|
|
|
|
|
by bko
2 days ago
|
|
I have come around to gold. Money shouldn't be dual purposes, we should apply single responsibility principal. Money should refer to some stable (albeit slightly growing by nature) account of measure. Prices should get cheaper. That's a progress dividend. We get better at growing food every year, why shouldn't food get cheaper? Imagine a world in which prices regularly go down. You're a passive beneficiary of technological progress. The argument that prices can't get cheaper or [bad thing will happen] was never very convincing to me. Prices already do get cheaper for large swaths of the economy that have technological progress grow faster than money supply. Cell phones are rapidly depreciating. You can wait 6m to a year and get a significant discount on the latest iPhone version. People don't stop buying iPhones, and Apple doesn't stop investing in iPhones. This is even more true w/ AI models.

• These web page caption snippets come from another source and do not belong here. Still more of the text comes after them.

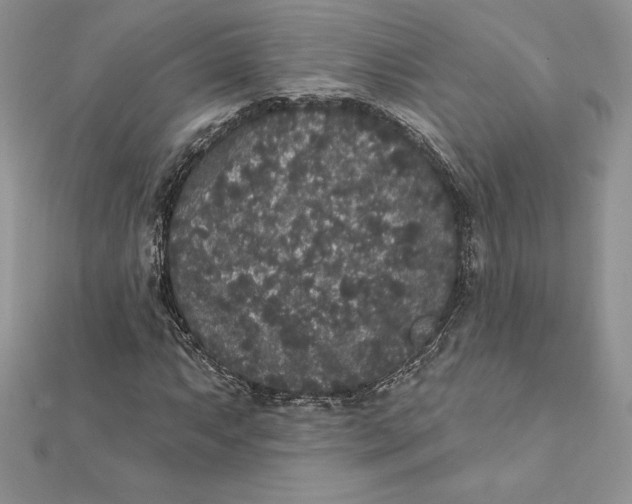 X0000112361063200909031905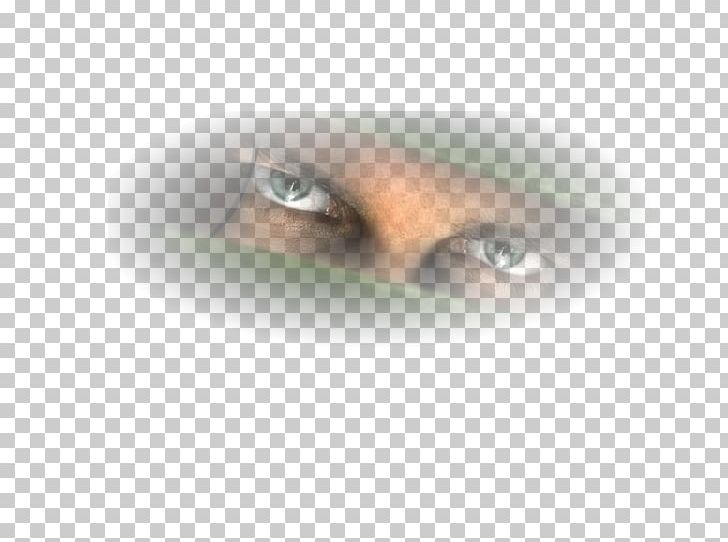 Eyelash Extensions Close-up PNG, Clipart, Art, Artificial Hair Integrations, Closeup, Closeup, Dsn Free PNG Download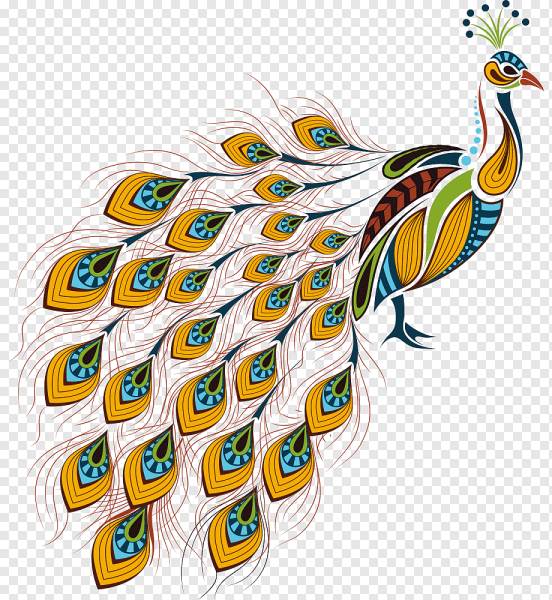 Павлин вектор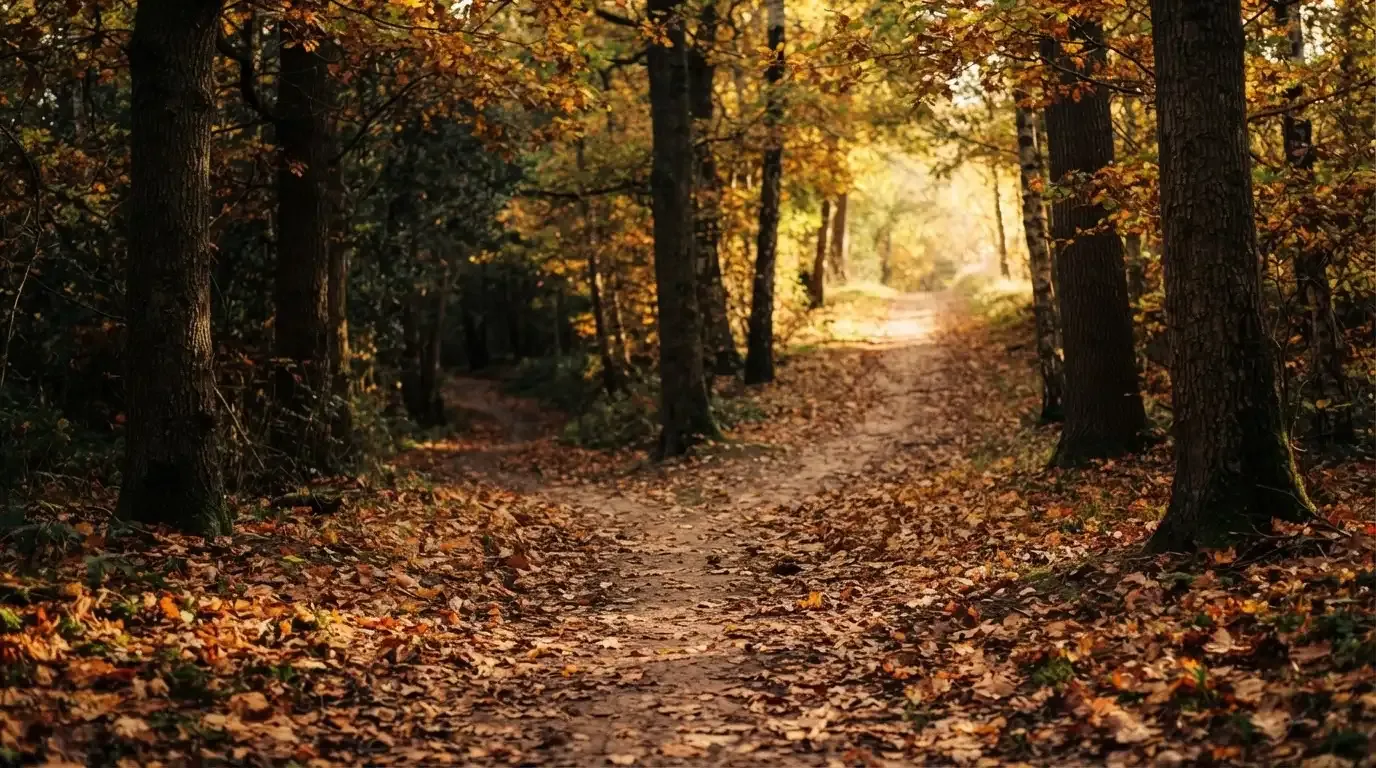 Eine Wegkreuzung im Wald, an der sich zwei Pfade im Herbstlicht gabeln, Laub bedeckt den Boden.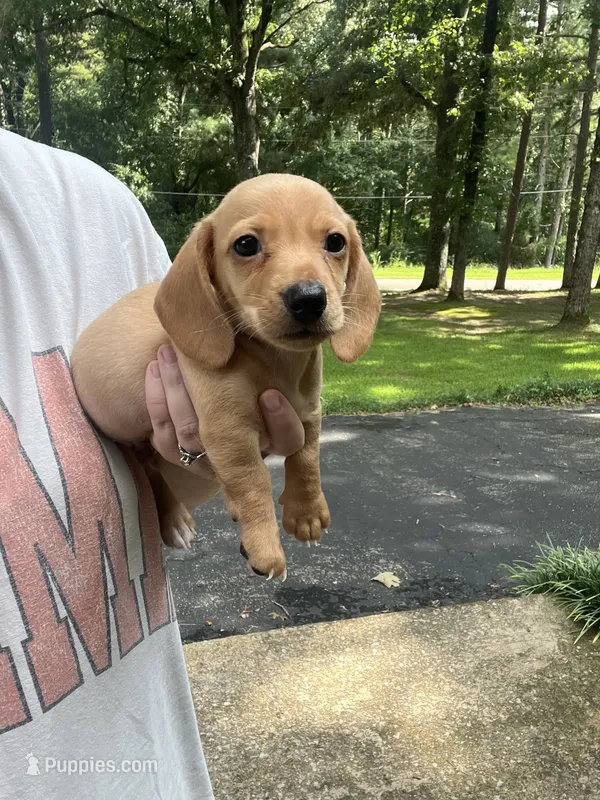 Boy dachshund – Miniature Dachshund puppy for sale in Selmer, TN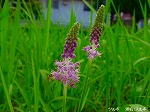 20090825msg053.jpg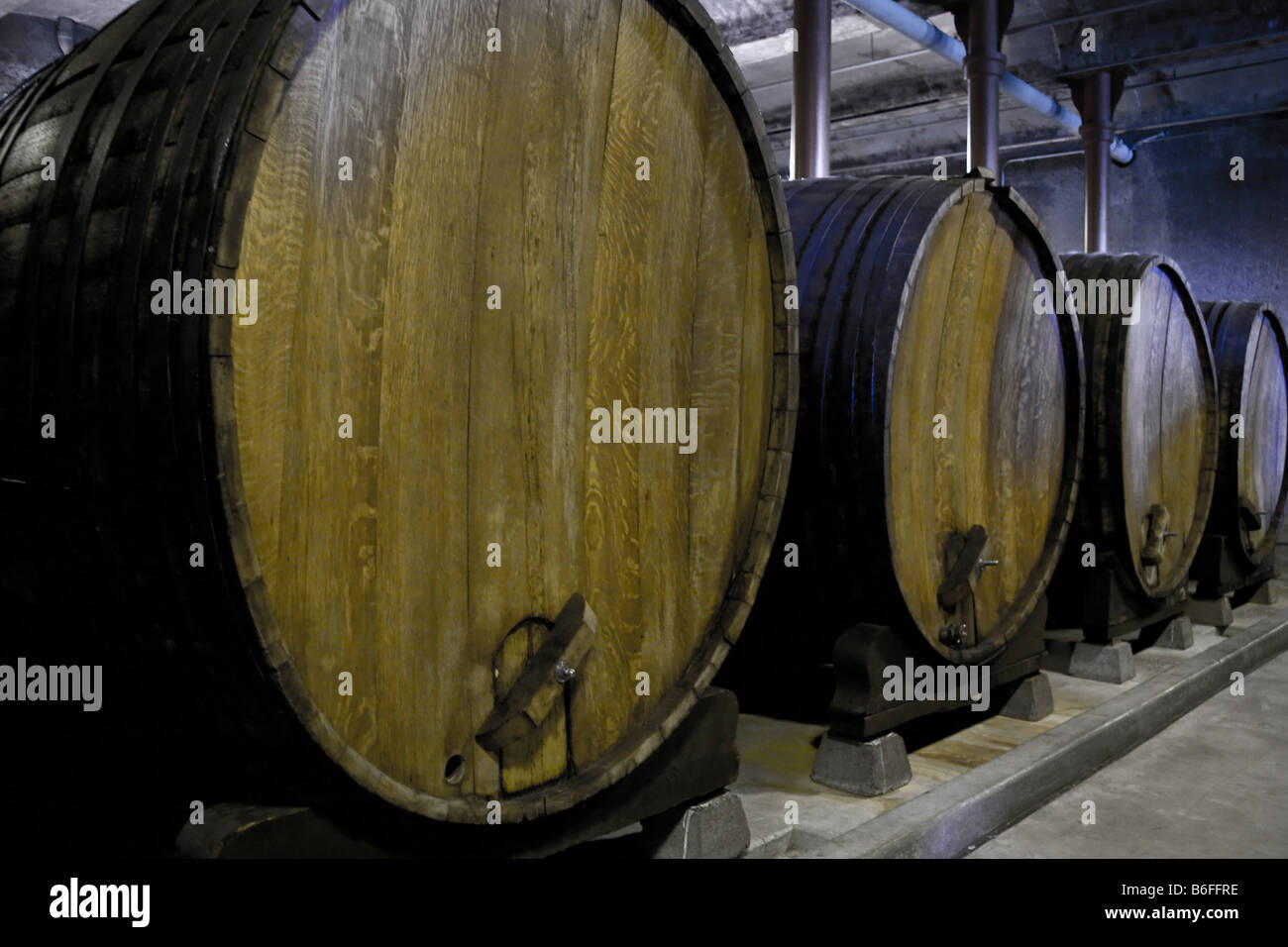 Giant wine barrels at the Culinary Institute of America Stock Photo Alamy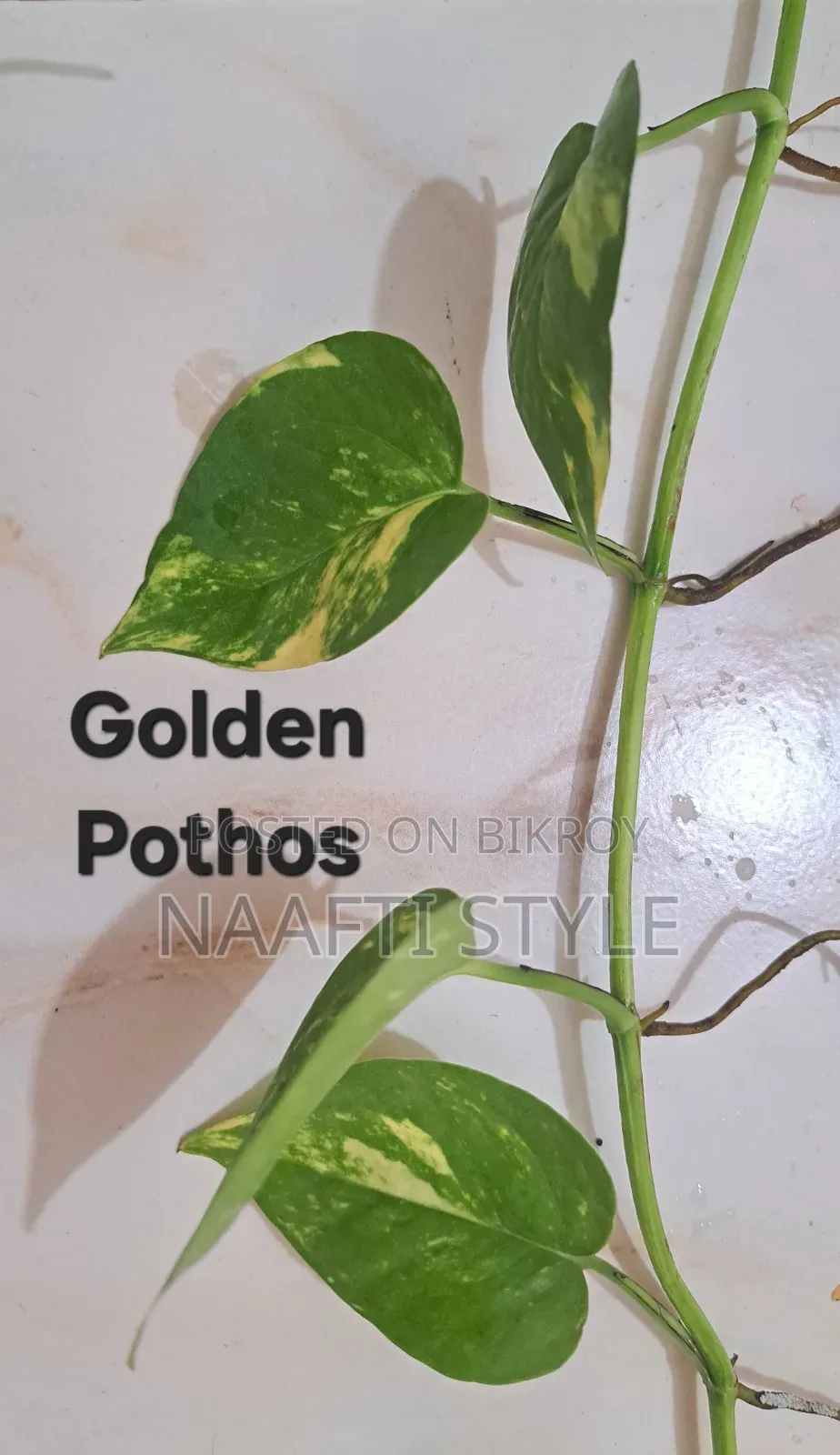 Pothos (Money Plant)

Investors/companies are burning billions to build tech that will only get cheaper and obsolete in years if not months. So if you were to try to convince me that deflation would reduce investment or spending, tell me why this doesn't apply to tech products that get cheaper every year. |
|
That world results in a lot of people individually deciding "why buy now, when I can buy for less later" and sitting on their money.
That in aggregate makes the economy much worse.
You're up against human nature here. Money may be an arbitrary numerical denomination of value, but people's behavior around it and how that affects the economy at large need to be accounted for. Having prices slowly creep upwards over time (low inflation) tends to result in more, better things sooner.